某月某日、夜中に物凄い雨音で起こされた。ノルマンディの海岸線沿いの崖縁に立つステファンの家のゲストルームは、建て増しされた安普請の部屋だからか、風が吹く度にガタガタと凄い音がする。パソコンを開いて、書きかけの小説を頭から最後までもう一度読んでみた。コーヒーを淹れ、猫舌なのですすった。息子からショートメッセージが届いていた。「日本風のオムレツを作って食べたよ。パパもちゃんと元気になるものを食べるように」と書かれてあった。写真が添えられていた。ほ~、美味そうじゃないか。もう、ぼくがいなくてもやっていけるな。日本風のオムレツってなんだろ???

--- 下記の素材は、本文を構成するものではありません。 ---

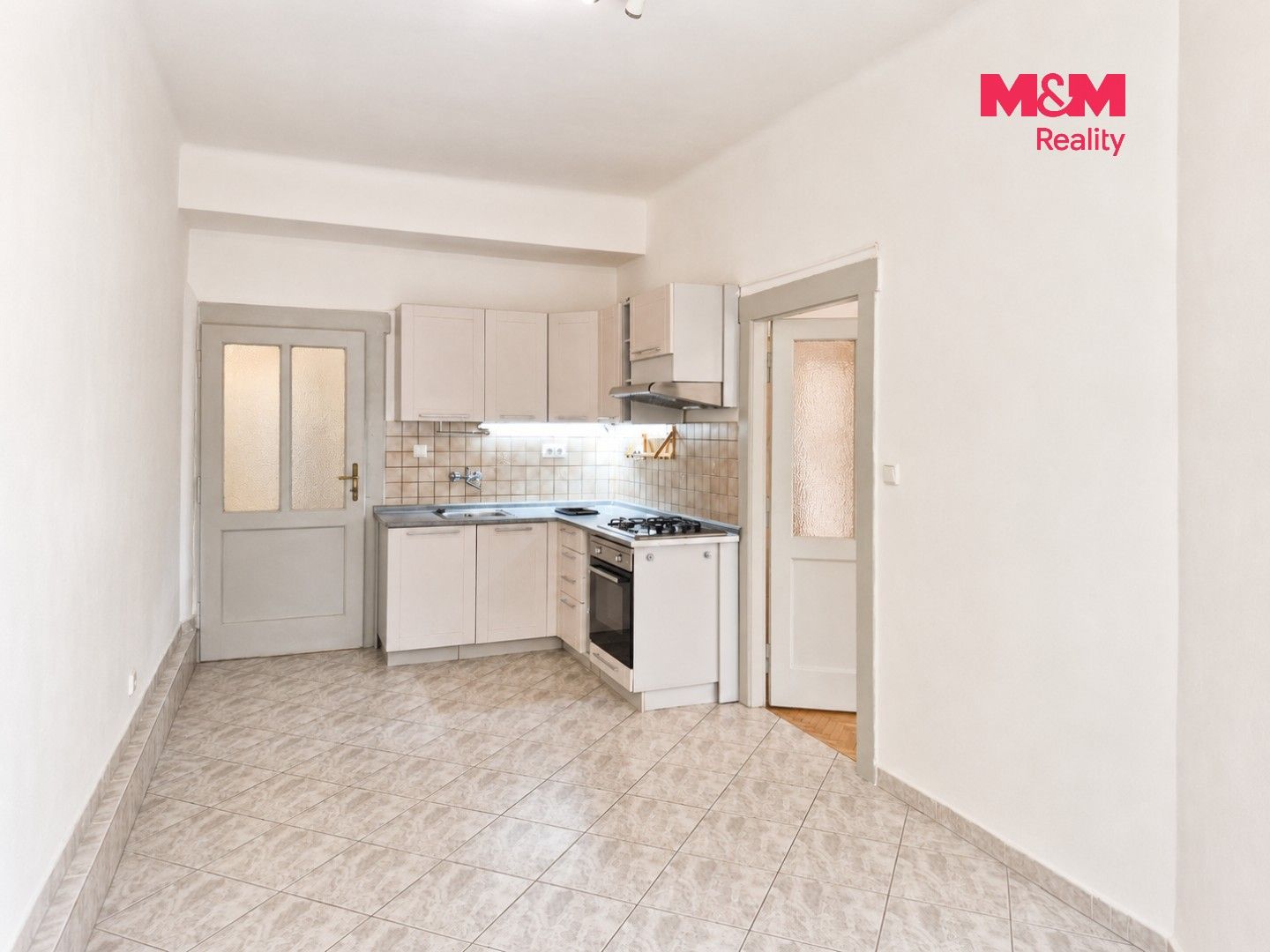 Pronájem bytu 2+kk 45 m² - foto 16
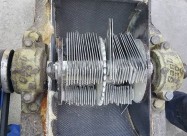 Elektromotor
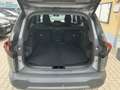 Dacia Bigster Extreme Elektr. Heckkl. PDC v+h Sitzheizung v. ... Grau - thumbnail 9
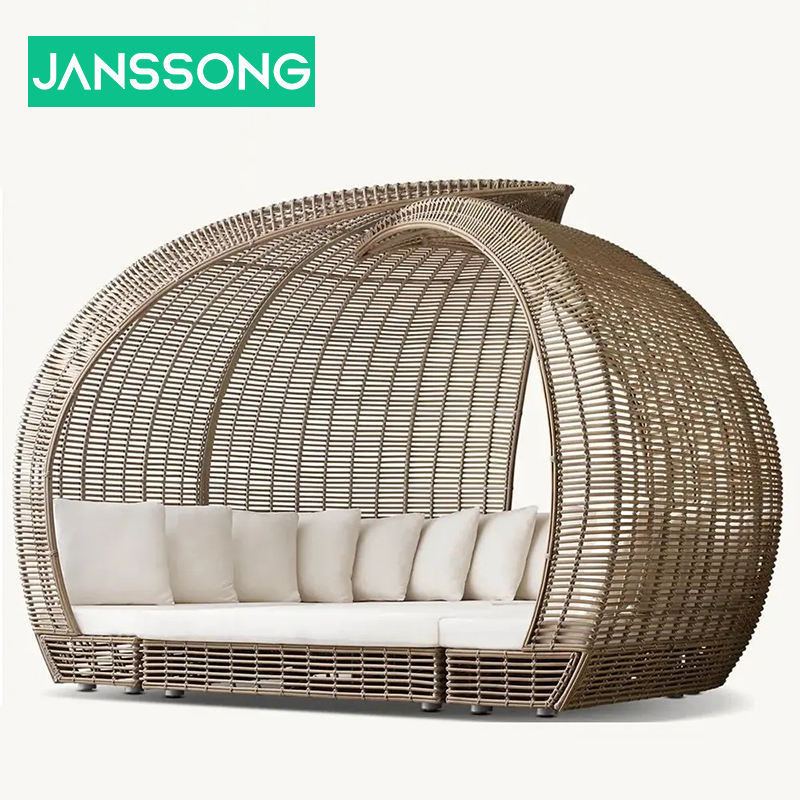 เดย์เบด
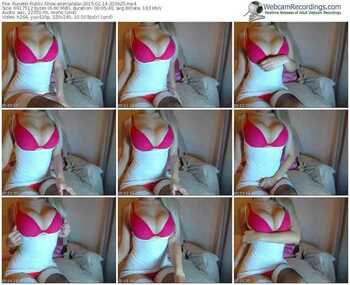 runetki-eternalstar-public-show-02_14_2015-20_36_25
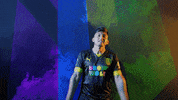 Amando Moreno Meow Wolf GIF by New Mexico United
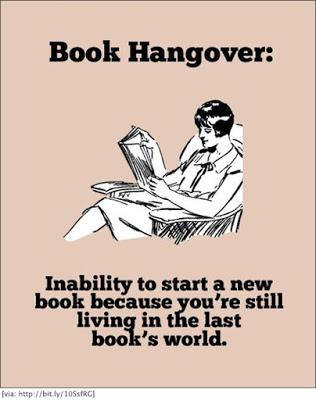 Viñeta del lector 43#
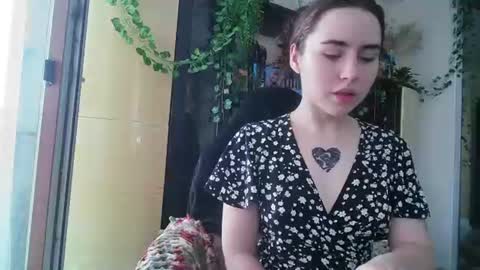 moonlight_sonataa online show from 06/22/26, 08:22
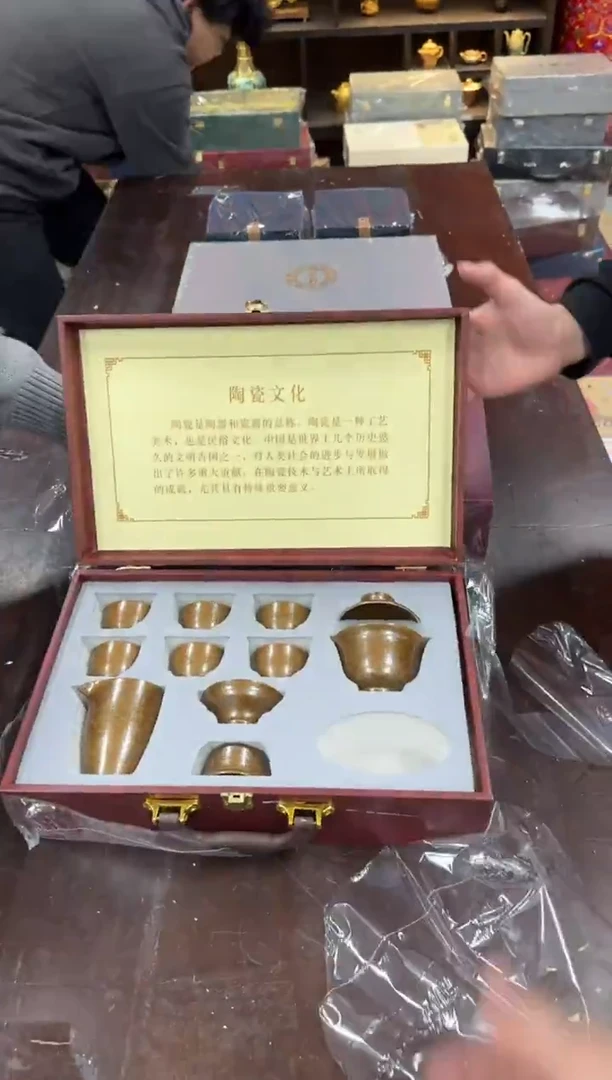 其他其他陶瓷@@@@@@@@@@
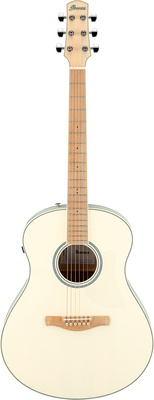 Ibanez - AAM370M2E-ABL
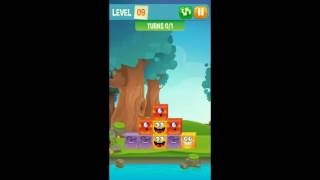 Switch the Box Android Game Play |  Free Play screenshot 1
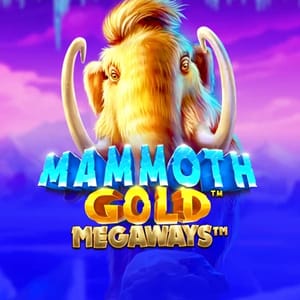 Mammoth Gold™ Megaways™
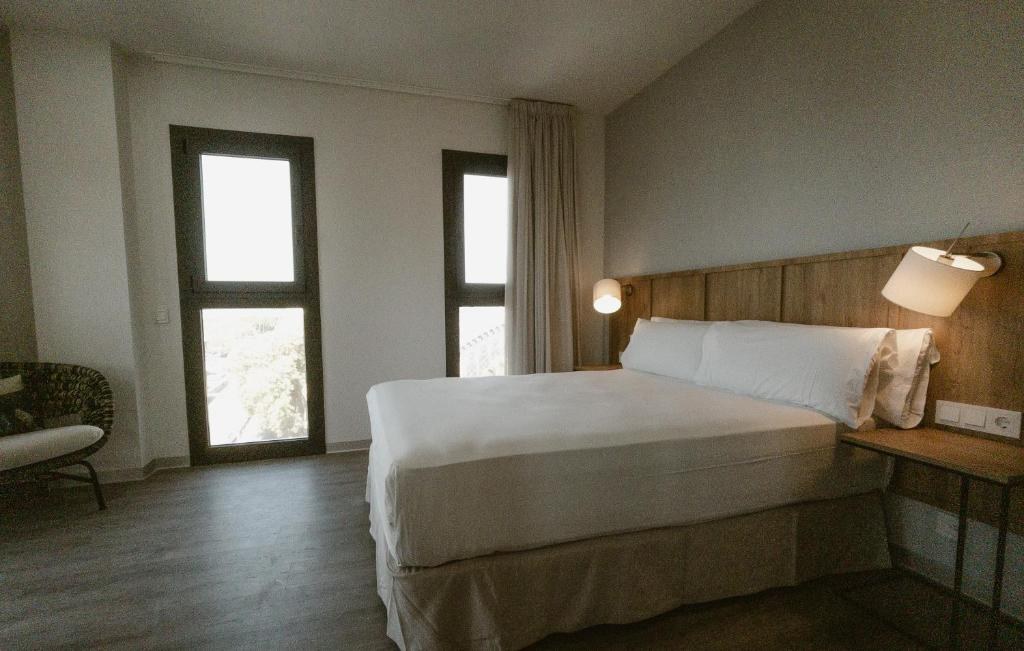 PETIT PALACE VARGAS photo 3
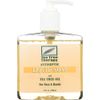 TEA TREE THERAPY Tea Tree Liquid Soap, 8 FZ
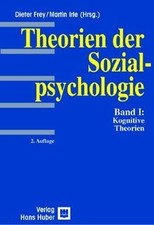 Theorien sozialpsychologie kog gebraucht kaufen Theorien sozialpsychologie kog gebraucht kaufen  Berlin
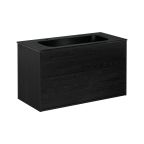 Gustavsberg Artic GB71ACVU10TM381 Allaskaappi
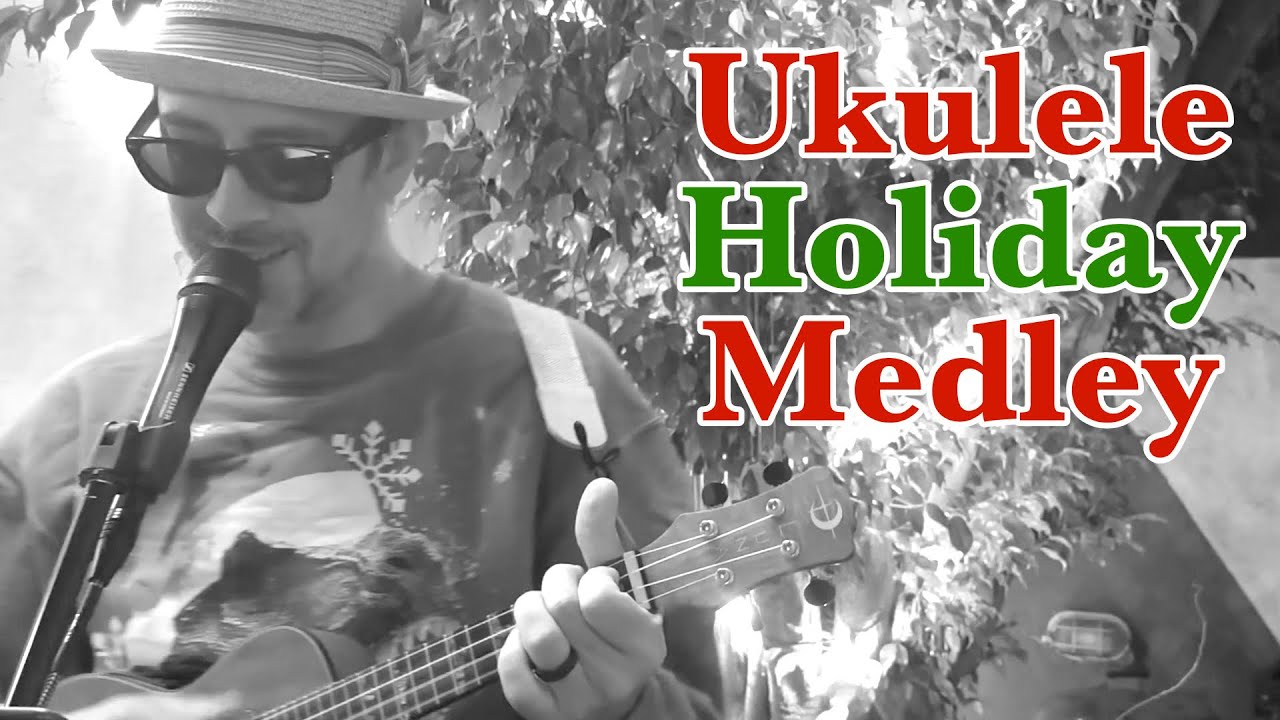 Promotional video thumbnail 8 for Paul Haasch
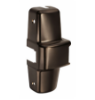 Von Duprin 050554 Center Case Cover Kit 643E Aged Bronze Finish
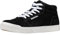 Ride Concepts MTB-Schuhe Vice Mid Schwarz Gr. 41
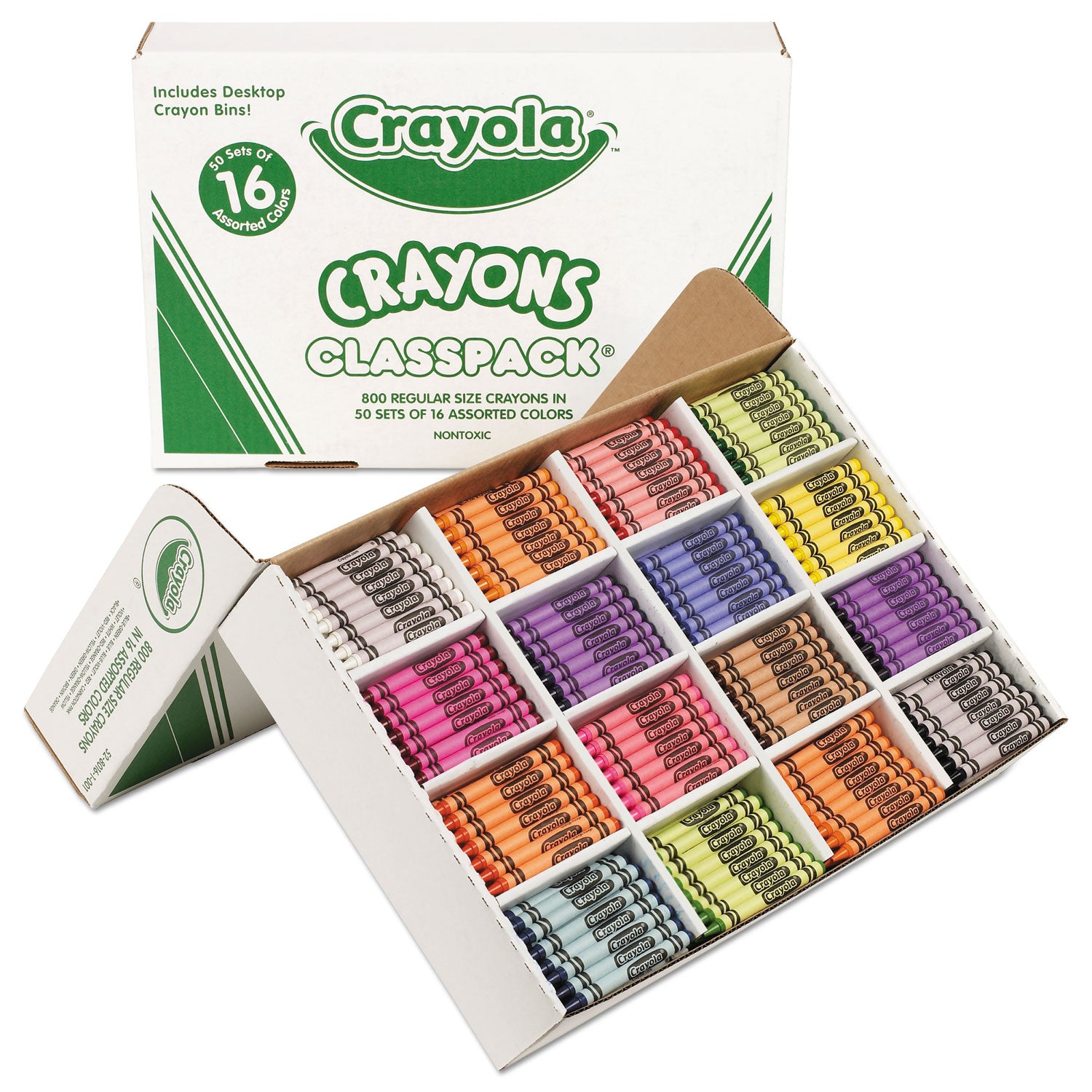 CYO528016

滞仏日記「海見て心を落ち着かせたら、息子の待つパリへとんぼ返り」

滞仏日記「海見て心を落ち着かせたら、息子の待つパリへとんぼ返り」



夜が明けるまで小説の推敲をし、明け切ったところで、たぶん、朝の九時過ぎだったと思うが、外に出た。海まで歩いてみようと思った。家を出ると、物凄い風で、ふき飛ばされそうになった。小雨が降っていたが、傘などさせる状態じゃない。帽子を手で押さえ、坂道を下り、浜辺に出た。向かい風に目を細め、ポケットに手を入れて前傾姿勢で、とにかくひたすら波打ち際目指して歩いた。穏やかな時は家族連れで賑わう海岸線だが、ひとたび時化ると手が付けられない。打ち付ける風、横殴りの雨、呼吸が出来ないし、目が開かない。かもめたちはどこにいるのだろう、と思った。空も海も何もかもが荒れている。五分ほど海と対峙してから戻ることにした。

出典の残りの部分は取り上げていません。